Friday, December 22, 2006

Reading as a Writer - A Christmas Carol

Okay, I just had the weirdest experience. I LOVE the Charles Dicken's tale, A Christmas Carol.

To elucidate.... I'm one of those really geeky people who can do comparative analysis about the movie versions based on who starred as Scrooge. There's the Reginald Owen version (1938), the Albert Finney musical version (Scrooge -1970), the definitive Alastair Sims version (1951), etc.

Every so often I return to the book to READ it. This time, I received a visitation from the Ghost of Critique Writers. The ghost who is normally invisible except when you pick up an old favorite to read and he whispers in your ear about how someone could have written something better. Now this is Charles Dickens I'm reading. Right? Widely famed in song and story.

So I curl up to enjoy a good book but as I'm reading through chapter one, I think, "Damn Chuck, what voice is this?" I think it was third person omniscient, but I'm not completely sure. Took me right out of the story. Well, crap.

I push past the Ghost (who is giggling by the way) and keep reading. Well, Dickens digresses maundering about in Scrooge's mind. Okay, keep going. Then I get to a couple of beautifully written paragraphs about the London fog. Though they help to set the tone, these paragraphs in no way advance the story. What are they doing there? Dickens wrote for Londoners. They already knew what the fog was like....

I stopped reading. The Ghost was laughing maniacally by now. I am cursed. Doomed to forever read Dickens like a modern writer. Sigh. I guess I'll just stick to the movies from now on...

Merry Christmas, gov'nor. Merry Christmas!

Saturday, December 16, 2006

Midwestern nice can derail your pitch…

My muse has returned from Tahiti, or the NASCAR race where he was hanging out, and damn he’s horny again, thank god! That’s the good news.

I’ve been working on my story, a query letter, and a synopsis while I get more nervous by the minute. I’m almost ready to pitch my story and I’m scared spitless. I could say something else, but I was trying to be polite. I’ve gotten some wonderful feedback from various critique partners, so I think the story will be ready to go when I am.

Now granted, being this close to pitching something isn’t bad news, but being scared sure is. I’ve never been good at selling myself. I’m one of those people who receives a compliment and says thank you, but…. Maybe it’s the midwestern nice in me.

Midwestern nice? What the hell is that, you ask? I’m sure people in other parts of the country do the self-deprecating thing, but it is dangerously prevalent in the midwest. You always have to defer your good acts, cool thoughts, etc. onto other people.
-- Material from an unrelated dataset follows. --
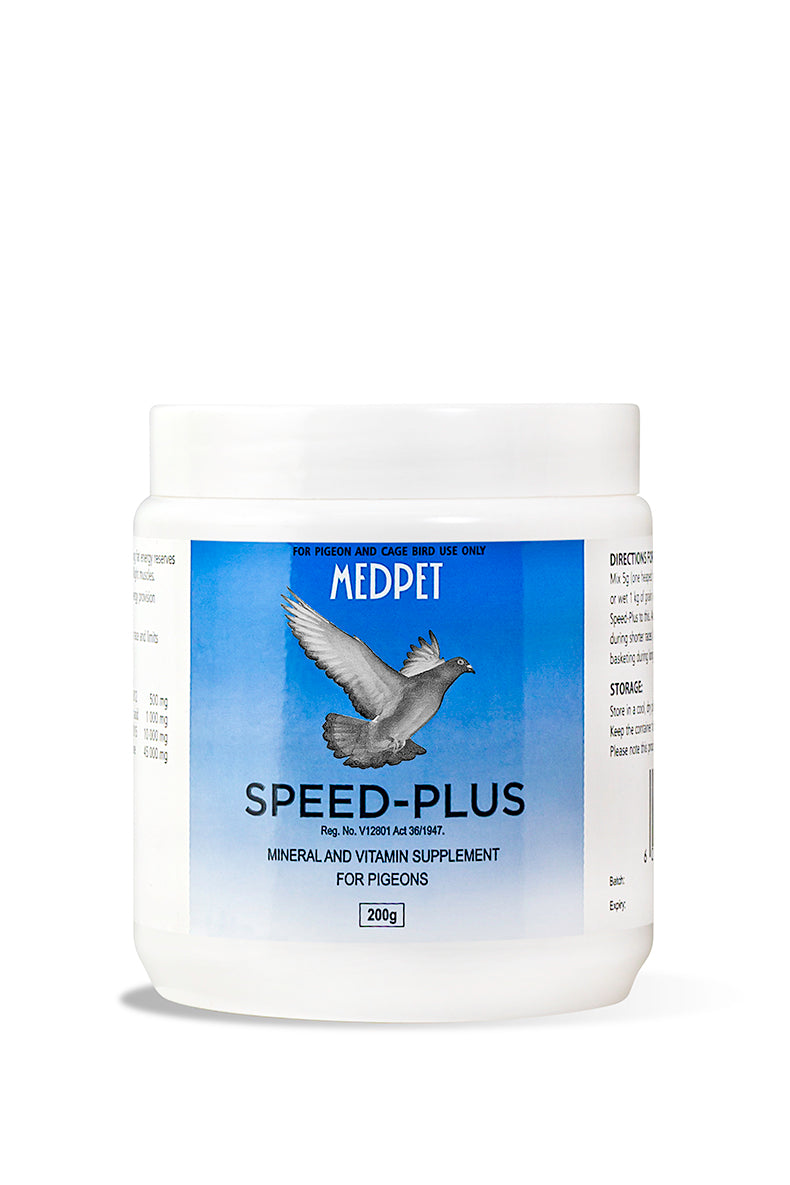 l carnitine for pigeons SPEED-PLUS 200G MEDPET ANTROVET – Hinterland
“Yes, I did think of (whatever cool thing you thought of), but I was inspired by Barney Rubble (or whoever), who was instrumental in making it work.”
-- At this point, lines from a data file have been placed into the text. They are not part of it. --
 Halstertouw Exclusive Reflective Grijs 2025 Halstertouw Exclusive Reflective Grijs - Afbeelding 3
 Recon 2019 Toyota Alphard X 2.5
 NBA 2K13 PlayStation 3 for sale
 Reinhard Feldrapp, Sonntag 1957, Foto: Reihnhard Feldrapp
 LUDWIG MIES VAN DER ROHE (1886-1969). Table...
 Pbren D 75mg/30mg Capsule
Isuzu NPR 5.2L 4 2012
Instead of grabbing your own limelight and standing smack in the middle of the warm glow, you tug other people in to share the limelight with you until you get lost in the crowd.
I need to get over it. I’m the first one to step up and say, yeah I screwed up and take the hit myself. But when I should be out there selling my own idea or basking in my own glory, I’m trying to duck and cover like a nuclear explosion would occur if I had the temerity to accept a compliment gracefully.

It’s time to learn to toot my own horn, or whatever other cliche applies.

Like Stuart Smalley used to say on Saturday Night Live,

“I’m good enough. I’m smart enough. And doggone it, people like me.”

Okay, it wasn’t my idea, but I like the sentiment.